### Goal of the exercise
What you produce should be an exact transcription of the data, minus any pictures.

==== The data

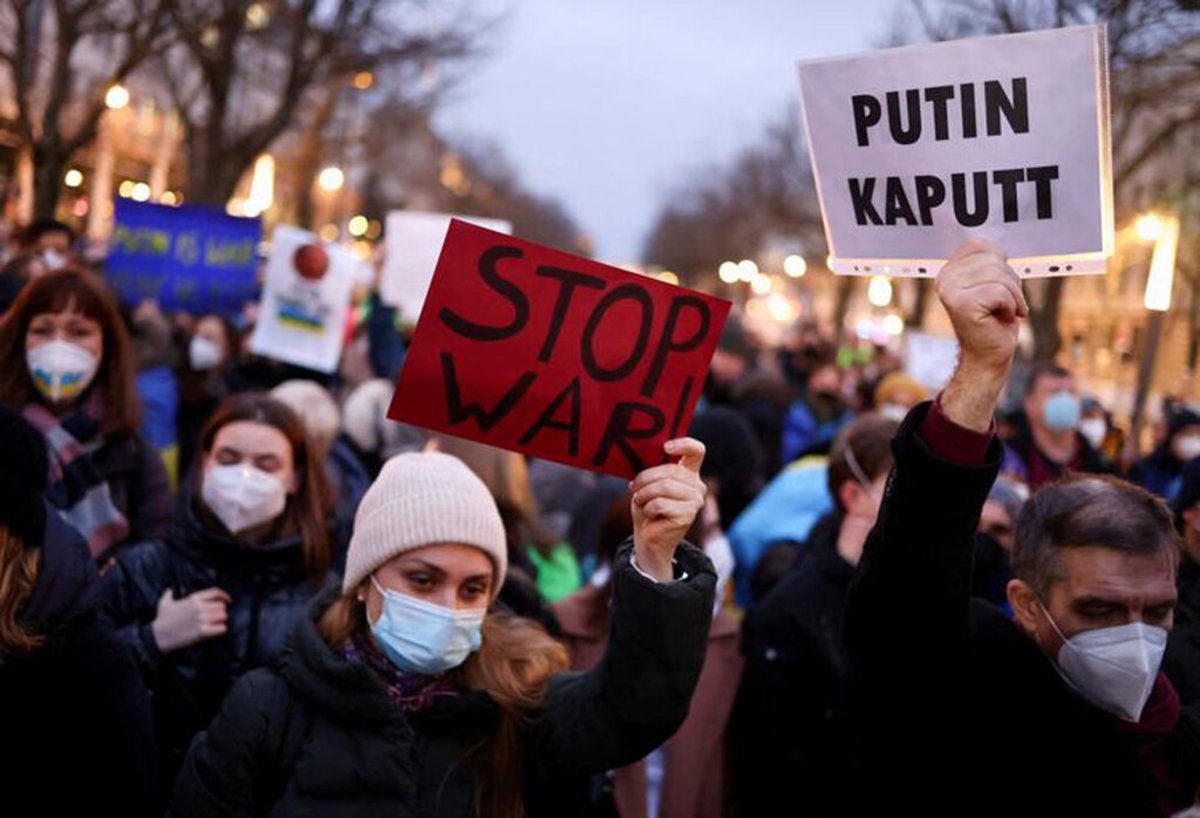 فیلم| بازداشت ۴ هزار نفر در تظاهرات ضد جنگ علیه روسیه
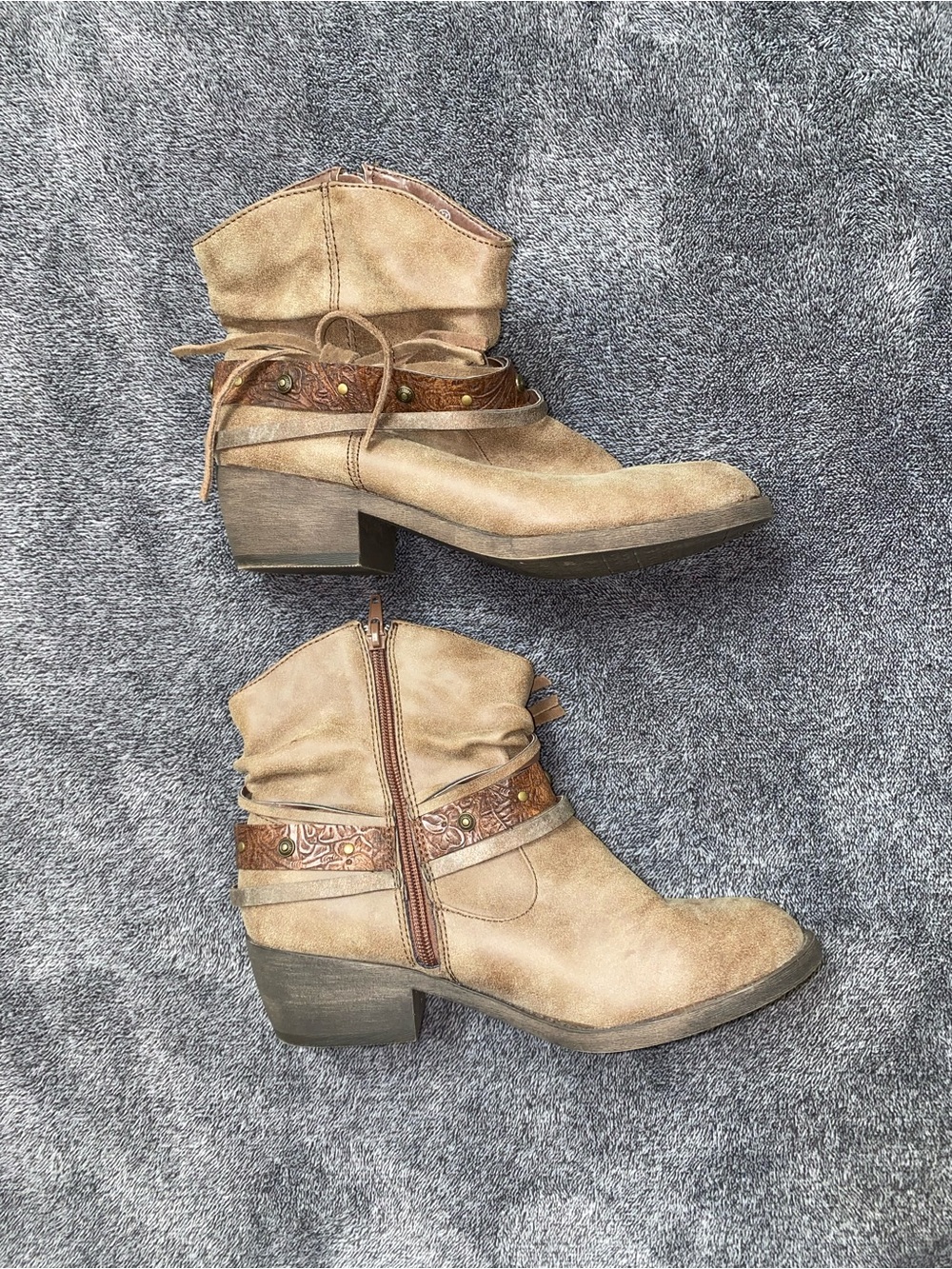 Maurices Tan Western Ankle Booties Size 9 Leather Detail Stacked Heel Boho - Picture 6 of 7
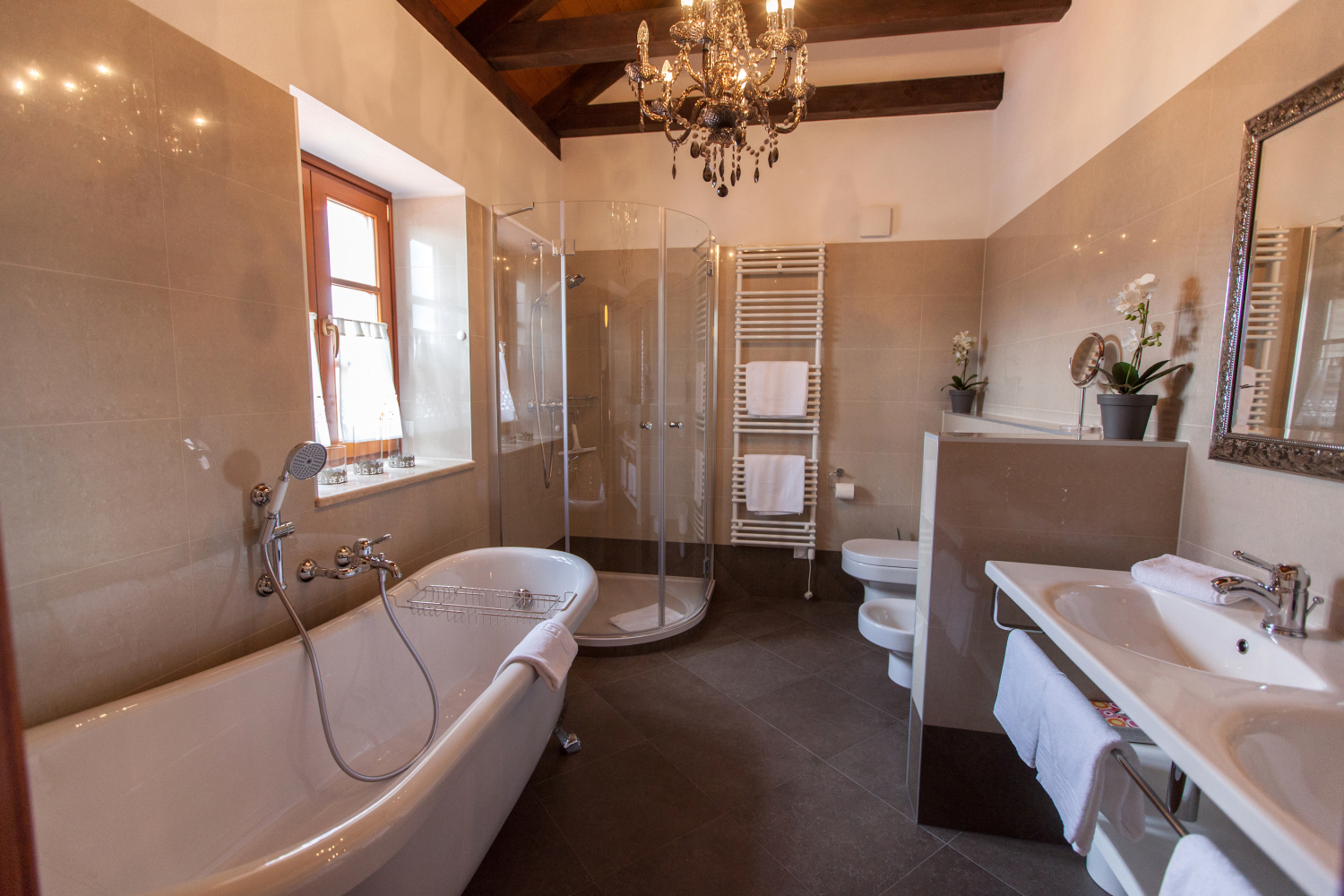 019-V.VALLIS Bathroom I .jpg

========

### Your solution
 فیلم| بازداشت ۴ هزار نفر در تظاهرات ضد جنگ علیه روسیه
 Maurices Tan Western Ankle Booties Size 9 Leather Detail Stacked Heel Boho - Picture 6 of 7
 019-V.VALLIS Bathroom I .jpg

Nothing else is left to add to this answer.